L'équipe avait trouvé une solution idéale pour étiqueter et observer le déplacement des monocytes, des cellules immunitaires responsables de l'inflammation et de la dégradation des cellules après un traumatisme tissulaire. À cette époque, ils utilisaient des souris infectées par le virus du Nil occidental et leur injectaient des billes de plastiques microscopiques, environ 200 fois moins épaisses qu'un cheveu, capables de se fixer sur les monocytes. Les scientifiques pouvaient ainsi suivre le mouvement de ces cellules immunitaires de la circulation sanguine vers le cerveau où elles s'attaquent aux tissus nerveux.

Mais par erreur, un lot de billes s'est chargé négativement. C'est alors que l'impensable s'est produit : au lieu de mourir d'une inflammation cérébrale, la majorité des souris est restée vivante. « Cette découverte s'est faite complétement par accident », raconte Daniel Getts, le directeur de l'étude. En regardant plus en détail, les auteurs se sont alors rendu compte que les monocytes s'étaient accrochés aux microparticules mais qu'au lieu d'aller au cerveau ils se dirigeaient vers la rate.

Les monocytes changent de direction

Pourquoi et comment les monocytes avaient-ils changé de trajectoire ? Pour le savoir, les scientifiques ont analysé de plus près la liaison entre les microparticules et les monocytes. Ils ont alors montré que les billes étaient attachées sur un récepteur de surface particulier appelé MARCO. Ce dernier est utilisé par les monocytes pour détecter et se lier aux régions chargées négativement présentes sur les agents infectieux, les cellules mortes ou les débris cellulaires qui circulent dans le sang. Selon les chercheurs, la fixation sur MARCO serait un signal qui ordonnerait aux monocytes de se diriger vers la rate où leur cargaison est détruite.
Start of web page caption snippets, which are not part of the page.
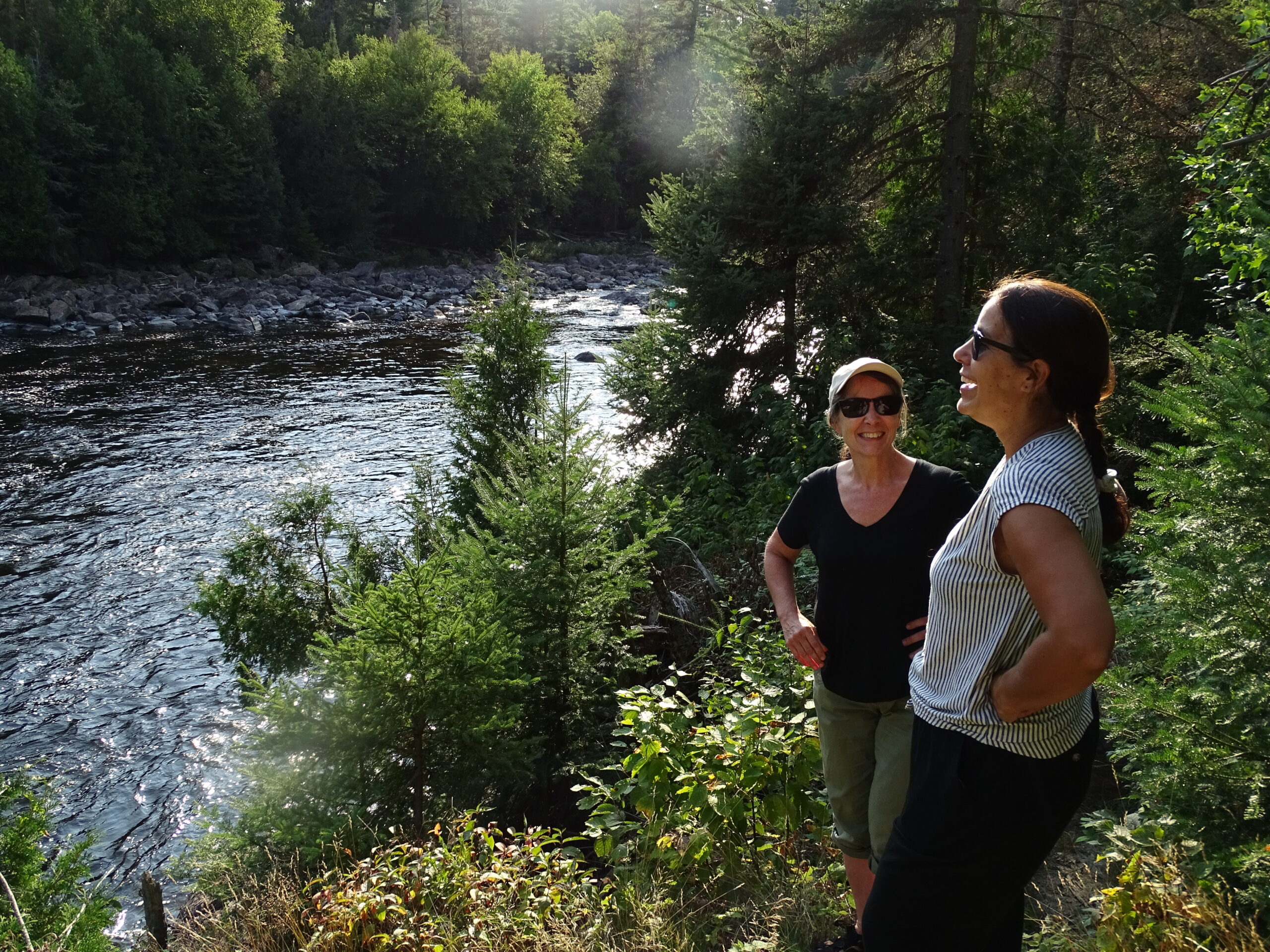 Two women laugh and smile in Park d'Opemican near a river on a sunny day.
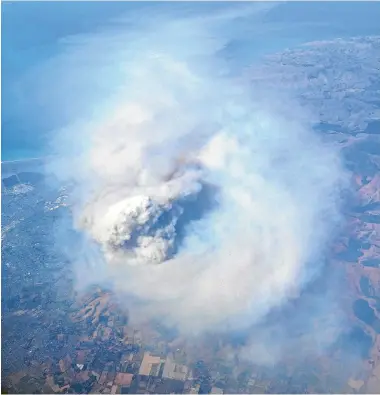  ??  ?? The 50-metre tall fire tornado was hidden by ‘‘that big mushroom cloud’’ of smoke, says fire response co-ordinator Richard McNamara.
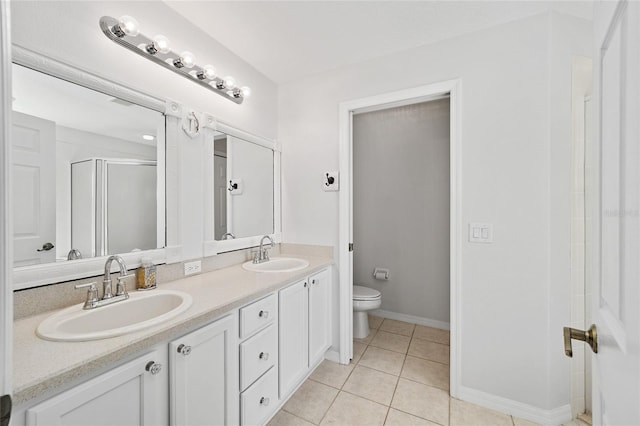 bathroom featuring toilet, vanity, tile patterned floors, and walk in shower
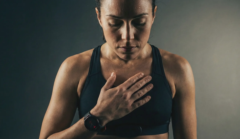 woman concentrating on heartbeat in athletic bralette
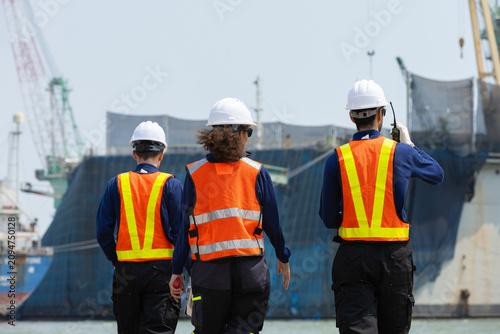 industrial worker walking towards large cargo ship at bustling shipyard wearing white hard hat and bright orange reflective vest feeling determined about upcoming project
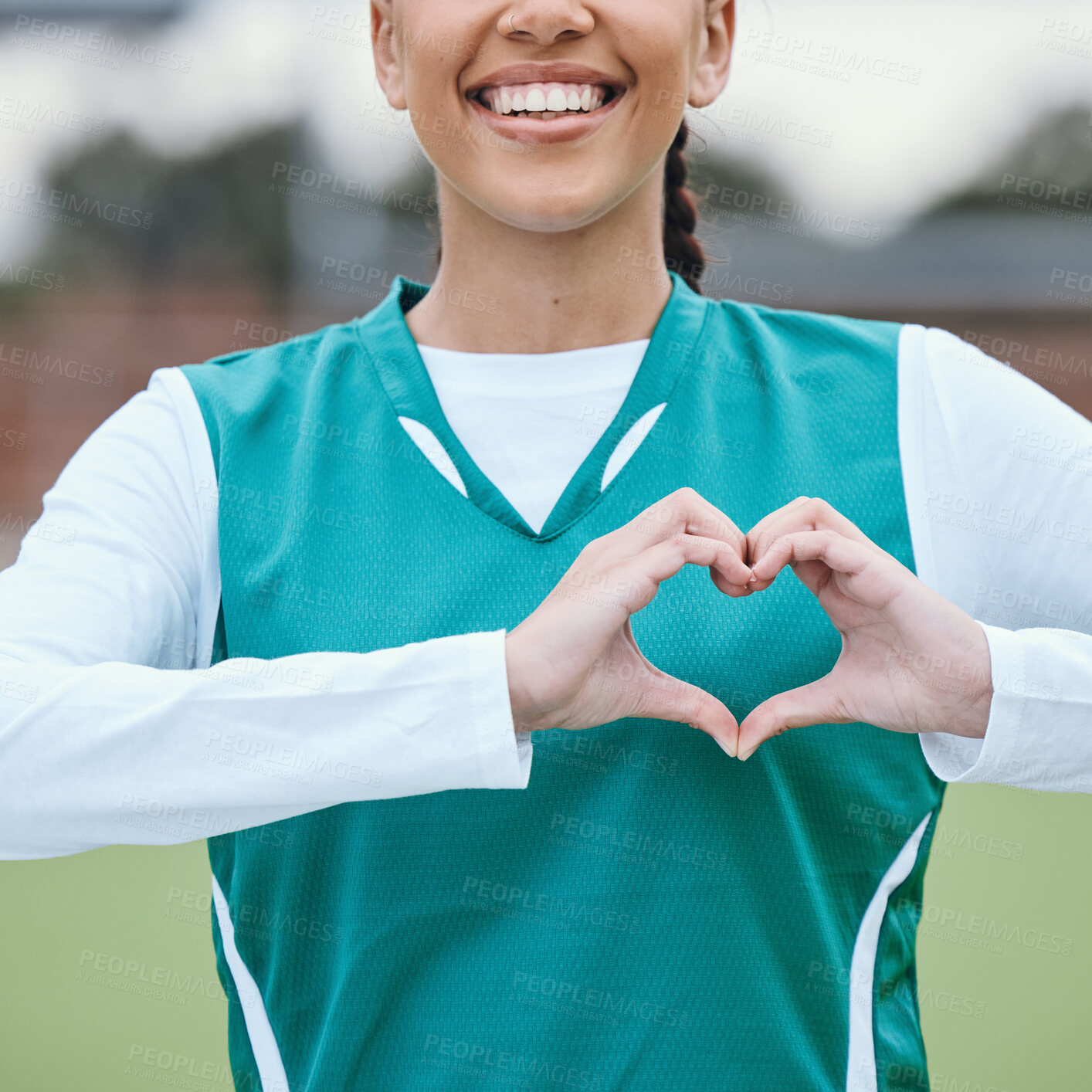 Buy stock photo Sports, heart hands or happy athlete on field for fitness, exercise or workout for cardiovascular health. Love sign, hand gesture or healthy woman in a training game for wellness or hockey practice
Les chercheurs ont alors testé l'effet de ses microparticules après une crise cardiaque chez la souris. Pour cela, ils les ont injectées dans les rongeurs 12 heures après un accident cardiaque. Ils ont alors démontré que leur cœur fonctionnait mieux que celui de souris n'ayant pas reçu de traitement et que les lésions cardiaques étaient deux fois moins sévères ! Mais ce n'est pas tout. Les scientifiques ont également montré que les microparticules pouvaient limiter la progression d'autres maladies inflammatoires comme la sclérose en plaques ou les maladies chroniques de l'intestin.

Les auteurs voudraient maintenant tester cette technique prometteuse chez l'Homme et espèrent commencer les essais cliniques l'année prochaine. Dans le futur, ils envisagent d'étudier plus en détail le rôle du récepteur MARCO dans le déplacement des monocytes vers la rate. Ces recherches pourraient ouvrir la voie vers le développement de nouvelles stratégies de traitement des maladies inflammatoires.